The day we drove south towards home was brilliant sunshine, too. We stopped off at Culloden. On the right is a picture of the battlefield, with a view across the Moray Firth to Ben Wyvis with patches of snow still clinging to the slopes. People tell me that the battlefield is a dour, atmospheric place, but on this day, in bright, breezy sunshine it was hard to conjure up any idea of a battle. There were more people in the Visitor Centre buying, eating, viewing the exhibits than doing the battlefield walk. We walked through the Centre and ate a scone and drank coffee on the back terrace, looking south. A farmer was busy ploughing. Seagulls scavened behind him.
On a rainy winter's day it may very well look and feel different.
Or it may be that people's imagination provides the emtional response - or the emotional response provides the atmosphere.
What do I remember of my first visit to Caithness? The flatness, the stone fences, and the wind. Gorse in bloom. Warm, friendly people who claim to be Wickers, ie from Wick, and have no truck with Gaelic and Jacobite woes. These people claim their heritage from the Norsemen, and are proud not to be of any clan.
Touring the delightful Castle of Mey and hearing stories of life as lived by The Queen Mother. Dinner parties that went on so late that she earned the nickname Midnight Moll. Her menu reminders, handwritten in French, propped up at her place at the dinner table, a kitsch Nessie touring around the top of the sixteenth century tapestry in the drawing room. Yes, I'd love the castle to be mine - but could I afford the central heating? Probably not.
Will I return to Caithness? Yes, I think so. We made some friends, have an invitation to go back and the place itself grew on me. So much still to see and explore.

4 comments:

Nicola Cornick said...

Lovely blog piece, Jen. For me, you really evoked the experience of being there. I visited Culloden on a rather dour day and didn't like it much. Mind you, that could have been down to the kitsch tour guides dolled up as Bonnie Prince Charlie! I think they have re-vamped the whole tourist experience since then! But I do remember that the atmosphere was very strong. Or you could be right - it might just have been my imagining of what had happened there that created such a strong emotional response in me. I've visited a lot of battlefields and some felt atmospheric, others less so. I remember going to Flodden on a beautiful sunny summer day and seeing the corn swaying in the breeze on what had been the battlefield.

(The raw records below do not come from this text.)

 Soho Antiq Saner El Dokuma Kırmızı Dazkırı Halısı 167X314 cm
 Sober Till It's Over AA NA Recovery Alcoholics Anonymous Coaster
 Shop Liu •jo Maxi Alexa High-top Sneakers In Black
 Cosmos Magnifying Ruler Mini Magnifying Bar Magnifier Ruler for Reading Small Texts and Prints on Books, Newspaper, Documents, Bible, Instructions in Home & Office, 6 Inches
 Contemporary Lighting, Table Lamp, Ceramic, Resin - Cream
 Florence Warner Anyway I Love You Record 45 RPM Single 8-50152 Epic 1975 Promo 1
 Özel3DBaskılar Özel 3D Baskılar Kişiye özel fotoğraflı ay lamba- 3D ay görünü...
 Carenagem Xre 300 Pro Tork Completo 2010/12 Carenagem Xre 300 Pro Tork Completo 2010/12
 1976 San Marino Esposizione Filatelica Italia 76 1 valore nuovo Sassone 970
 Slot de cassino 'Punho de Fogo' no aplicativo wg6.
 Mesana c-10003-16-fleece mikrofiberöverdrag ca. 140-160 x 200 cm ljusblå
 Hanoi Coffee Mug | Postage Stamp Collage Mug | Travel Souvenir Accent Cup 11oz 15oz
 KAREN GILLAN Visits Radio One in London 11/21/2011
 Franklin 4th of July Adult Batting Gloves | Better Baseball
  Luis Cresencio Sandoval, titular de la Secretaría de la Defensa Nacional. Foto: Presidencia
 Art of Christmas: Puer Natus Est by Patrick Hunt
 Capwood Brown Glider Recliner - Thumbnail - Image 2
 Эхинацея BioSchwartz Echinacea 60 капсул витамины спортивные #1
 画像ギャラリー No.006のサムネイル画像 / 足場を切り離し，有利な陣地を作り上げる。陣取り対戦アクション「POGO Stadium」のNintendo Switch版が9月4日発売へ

Also loved your description of the Castle of Mey. "Midnight Moll" - wonderful!

Jen Black said...

I'm so glad you found me, Nicola, and I know you adore Scotland. This was my first visit to Culloden, and I've still to visit Flodden although it is relatively close to me. You've reminded me of Bosworth...

Anna Louise Lucia said...

We used to visit friend on Orkney, once or twice, when I was a child. It's still to me a magical place, and the journey to it a magical journey.

I miss Caithness and Thurso, and all the memories they invoke. :-)

Hermitage is a fantastic castle - I love the way it just appears to have been dropped onto the barren landscape - no village around it, no market town in its shadow. Just wild and beautiful desolation. One of our favourite places.

Jen Black said...

Thanks for that Anna, - that is what makes Hermitage so threatening - that isolation. I imagine there might once have been a clutch of dwellings around it, when it was a centre of power guarding the border.